The pro forma unaudited consolidated statement of operations gives
effect to the Sygnet Acquisition and related financings as if they had
taken place on January 1, 1997. The Sygnet Acquisition has been
accounted for using the purchase method of accounting.
The pro forma condensed consolidated financial statements should be
read in conjunction with the consolidated financial statements and
notes thereto of the Company and with the financial statements and
notes thereto of Sygnet.
The unaudited pro forma condensed consolidated financial statements and
notes thereto are provided for informational purposes only and do not
purport to be indicative of the results that would have actually been
obtained had the Company and Sygnet been combined during the period
presented. In addition, the pro forma results are not intended to be a
projection of future results.
2. Adjustments to the Pro Forma Condensed Consolidated Statement of
Operations
(1) To reflect the results of operations for the West Maryland and Maryland 2
properties for the two month period and Arizona 5 RSA for the nine month
period in 1997 during which the properties were not owned by the Company.

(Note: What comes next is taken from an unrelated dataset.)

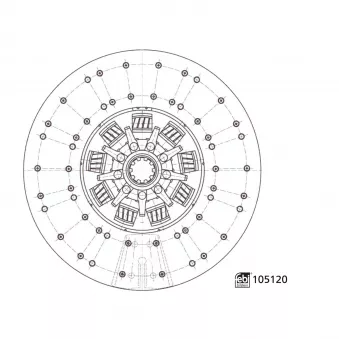 Disque d'embrayage FEBI BILSTEIN 105120 pour MERCEDES-BENZ ATEGO 1214, 1214 L - 136cv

(2) To reclassify certain operating revenues and expenses to conform with the
Company's historical presentation.
(3) To reflect the additional depreciation and amortization resulting from the
allocation of purchase price to property and equipment, cellular license
acquisition costs and intangible assets. Property and equipment is being
depreciated over two to ten years, cellular license acquisition costs over
15 years and intangible assets over five to ten years. The 15 year period
used for cellular license acquisition costs is based primarily on the
Company's internal analysis of the recovery period for its cellular
investments, which indicates that such costs will be recovered through
operations over a period of not more than 15 years. Other factors considered
include the competitive nature of the cellular industry, the rate of
technological change and risk of obsolescence, and the specific terms and
characteristics of the licenses.
(4) To reflect (i) $5.8 million of interest expense relating to the Company's
outstanding 11 3/4% Senior Notes due 2007 ("Senior Notes") and indebtedness
incurred under the then existing bank facility in connection with the
Company's 1997 acquisitions, (ii) $.1 million of amortization of
deferred financing costs relating to the Senior Notes, (iii) $.1 million of
amortization of deferred financing costs relating to the then existing bank
facility, (iv) the elimination of $15.8 million of interest expense
(including $.4 million of amortization of deferred financing cost)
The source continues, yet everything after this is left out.